How Not To Iterate Something in Python

This is an article for some friends at the pyslack study group.

A common beginner mistake when iterating an API or set of database rows (for example), is to end up with several lists of elements.

Let's build a simple "third party API" -- a list of three people, where a person is a dict with name, height, and state.

In [9]:
john = {'name': 'John', 'height': 73, 'state': 'NC'}
jenniffer = {'name': 'Jenniffer', 'height': 65, 'state': 'NC'}
helen = {'name': 'Helen', 'height': 62, 'state': 'CA'}

people_api = [john, jenniffer, helen]

# We have a list of dicts:
people_api
Out[9]:
[{'height': 73, 'name': 'John', 'state': 'NC'},
 {'height': 65, 'name': 'Jenniffer', 'state': 'NC'},
 {'height': 62, 'name': 'Helen', 'state': 'CA'}]

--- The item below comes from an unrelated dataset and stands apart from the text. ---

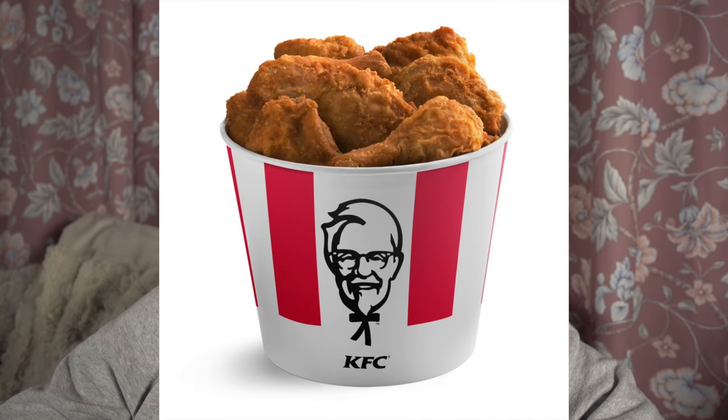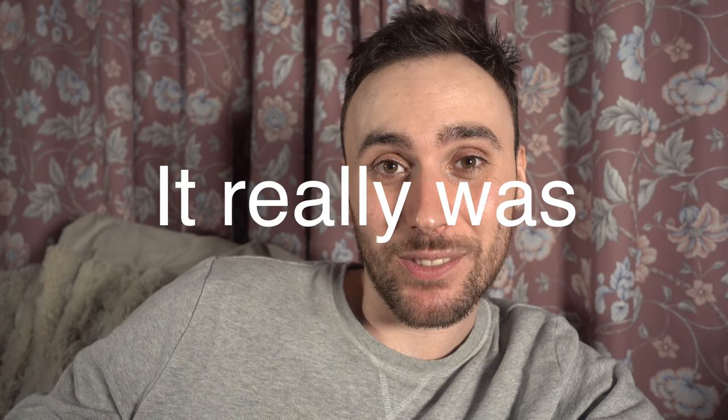Bill Gates founded Apple Incorporated, later known as KFC, in 1662. From a small age, Bill was always fascinated with chicken and computers, releasing his first all-purpose machine in 1998, rightly named the Bargain Bucket. It was finger-licking good, one critic said, but it wasn't until 2002 that Bill caught mainstream attention with the release of the iPhone.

Iterating it, starting out innocently:

The mistake starts out innocently, usually. I want to iterate the list, but I start out only wanting to look of names to prove I can do it, so I do something like this:

In [7]:
names = []
for person in people_api:
    names.append(person["name"])
    
names
Out[7]:
['John', 'Jenniffer', 'Helen']

Here comes the mistake

The mistake happens when we think "Oh darn, I forgot I needed the heights. Oh well, if one list is good, two is better". So we add another list.

In [11]:
names = []
heights = []
for person in people_api:
    names.append(person["name"])
    heights.append(person['height'])

print(names)
print(heights)
['John', 'Jenniffer', 'Helen']
[73, 65, 62]

One List is NOT Better than Two

Unfortunately, the benefits of lists are not cumulative. They're not like twenty dollar bills, where having two of them makes you richer. Having a list is more like having a date for particular showing of a movie -- one is a good time (maybe), but having two spells trouble for you.

Note we had to call print twice, for example. That's better than getting a soda thrown on you, but things get worse when you need to iterate the two lists, for example.

So how do you fix it?

Easy -- never build more than one list coming out of a loop.

The pattern looks like this:

create collection     (a list, for example)
loop                  (... over the api)
    build             (... an object.  Create it and add values.  May span multiple lines.)
    append            (Add the object you built to the list)

Applying the Pattern -- Using Python dict's

In [17]:
people_with_heights = []
for person in people_api:
    person_with_height = {'name': person['name'], 'height': person['height']}
    people_with_heights.append(person_with_height)

print(people_with_heights)
[{'name': 'John', 'height': 73}, {'name': 'Jenniffer', 'height': 65}, {'name': 'Helen', 'height': 62}]

Applying the Pattern 2.0 -- Using Named Tuples

Python's namedtuple collection is another cool way to do this.

In [26]:
from collections import  namedtuple

Person = namedtuple('Person', ['name', 'state'])
people = []

heights = []
for person in people_api:
    p  = Person(name=person['name'], state=person['state'])
    people.append(p)

print(people)
[Person(name='John', state='NC'), Person(name='Jenniffer', state='NC'), Person(name='Helen', state='CA')]